At the other end of the political spectrum, Lenin elaborates theoretically and politically around self-determination as the right of peoples and nations to independence, to state separation, to the formation of their own states. For Lenin, self-determination was a democratic vindication that emerges precisely from the liberal principles of bourgeois democracy, although in his theoretical analysis he went beyond the liberal interpretation. In reality, the Russian Revolution was the decisive event that influenced the elaboration and radicality of this principio. In March 1917, the provisional government of revolutionary Russia announces that it wished to establish peace unilaterally, on the basis of the “right of nations to decide on their destinies.” Lenin and the Bolsheviks understood the value that national sentiment had to their goals of social transformation.

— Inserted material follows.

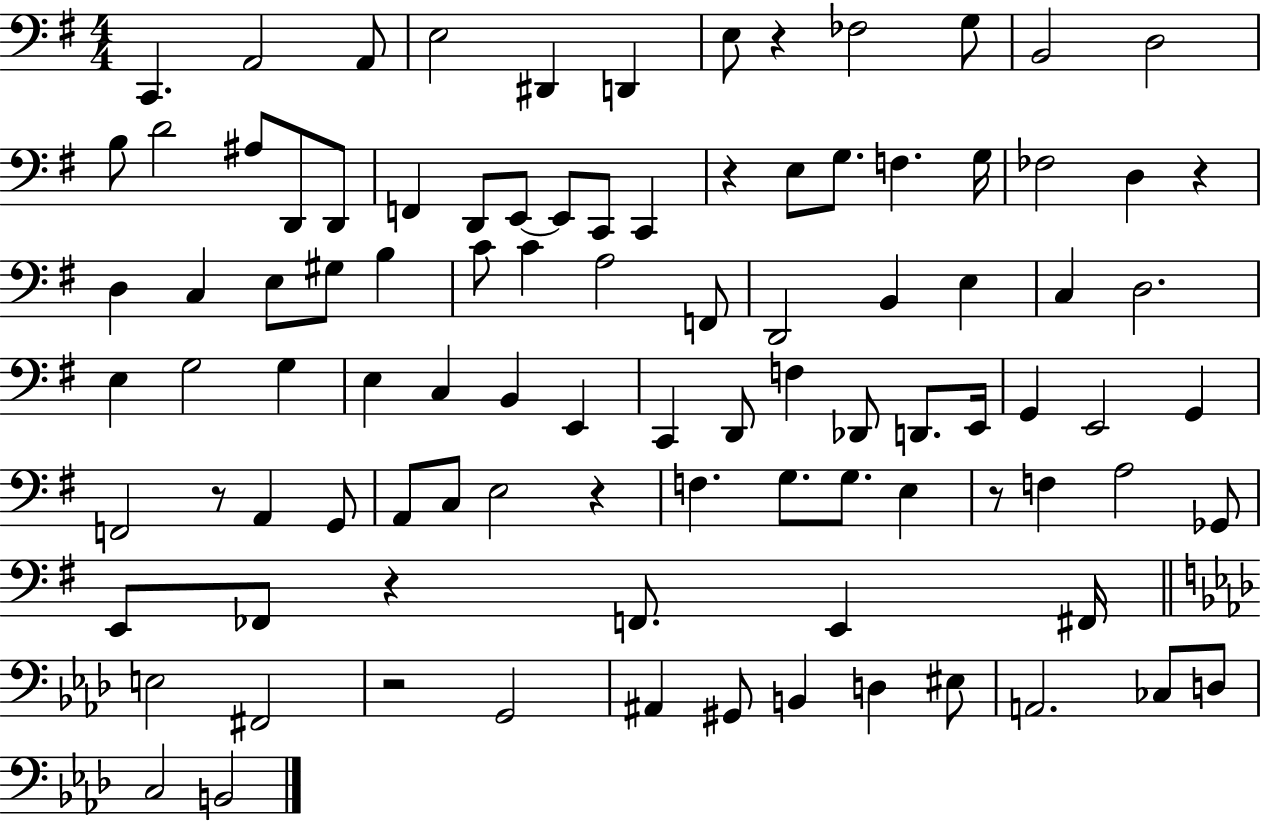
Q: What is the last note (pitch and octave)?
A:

Lenin achieved linking the socialist paradigm of proletarian internationalism with the bourgeois-democratic paradigm of the right to national self-determination. Starting with the same theoretical presupposition of Marx on world revolution, Lenin envisions –however– the importance of the national question as an element that would strengthen the struggle for socialism. In his “balance of the discussion on self-determination,” Lenin pointed out that socialists: “Must be in favor of taking advantage for purposes of the socialist revolution of all the national movements directed against imperialism. The purer the struggles of the proletariat against the imperialist common front are today, the more essential, obviously, will be the internationalist principle that ‘the people who oppress other people cannot be free.’” In a heated debate with Rosa Luxemburg, Lenin advocated for the recognition of the right to self-determination as the right to found an independent State of their own. Lenin, from his optic as a Russian revolutionary, sees allies in all the enemies of tsarism, including the nationalisms of oppressed countries, like Poland, thereby reaffirming the principle of national self-determination of peoples and nations. The great Leninist contribution was to theoretically and politically base the right to self-determination as one of the basic principles of co-existence between peoples and nations.
Despite the subsequent involution of the revolution under Stalin, which in fact denies this principle, Lenin made it clear that he was concerned about the national question. The last document dictated by Lenin refers precisely to the problems caused by Stalin in Georgia, his homeland: “It’s necessary to distinguish between the nationalism of an oppressor nation and the nationalism of an oppressed nation, between the nationalism of a large nation and the nationalism of a small nation… Regarding the second nationalism, the members of a large nation are almost always to blame for committing infinite acts of violence in the practical terrain of history; and even more: we commit endless acts of violence and offenses without taking into account… and I believe that in this case, regard to the Georgian nation, we witness a typical example of how the truly proletarian attitude demands extreme caution, delicacy and compromise on our part. The Georgian [referring to Stalin] who treats this aspect of the problem with disdain, who makes disparaging accusations of ‘social nationalism’ (when he himself is not only an authentic and true social nationalist, but also a crude Russia henchman), that Georgian violates, the basic interests of proletarian class solidarity.” Ukraine today?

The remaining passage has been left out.